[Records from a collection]
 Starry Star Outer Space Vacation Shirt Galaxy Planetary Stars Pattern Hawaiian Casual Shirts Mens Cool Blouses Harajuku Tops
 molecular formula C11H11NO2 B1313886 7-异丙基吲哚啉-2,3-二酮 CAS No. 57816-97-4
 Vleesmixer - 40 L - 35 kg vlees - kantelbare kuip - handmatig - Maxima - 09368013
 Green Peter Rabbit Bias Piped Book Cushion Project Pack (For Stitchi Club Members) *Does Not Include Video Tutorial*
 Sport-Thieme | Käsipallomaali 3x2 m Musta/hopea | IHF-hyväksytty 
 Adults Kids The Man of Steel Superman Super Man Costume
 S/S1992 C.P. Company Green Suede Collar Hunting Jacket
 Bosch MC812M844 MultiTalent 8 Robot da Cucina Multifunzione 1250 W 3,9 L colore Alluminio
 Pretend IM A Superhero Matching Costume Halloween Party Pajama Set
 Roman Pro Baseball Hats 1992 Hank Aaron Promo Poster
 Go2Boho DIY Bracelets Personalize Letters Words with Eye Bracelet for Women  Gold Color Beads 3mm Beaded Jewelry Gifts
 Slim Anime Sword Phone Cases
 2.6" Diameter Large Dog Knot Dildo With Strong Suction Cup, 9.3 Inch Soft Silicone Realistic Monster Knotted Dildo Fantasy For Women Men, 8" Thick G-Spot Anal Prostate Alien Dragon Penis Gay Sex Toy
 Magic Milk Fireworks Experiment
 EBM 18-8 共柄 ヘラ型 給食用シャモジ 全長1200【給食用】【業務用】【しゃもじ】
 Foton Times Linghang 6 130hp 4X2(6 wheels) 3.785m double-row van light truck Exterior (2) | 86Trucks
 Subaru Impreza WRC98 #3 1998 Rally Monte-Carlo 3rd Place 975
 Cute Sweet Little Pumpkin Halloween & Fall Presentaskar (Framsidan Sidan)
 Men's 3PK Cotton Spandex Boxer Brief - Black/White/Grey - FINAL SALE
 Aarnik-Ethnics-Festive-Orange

◆ What you need to do:
State the number of lines in the records that include the string "Green", without any other words.

◆ Output for this exercise:
2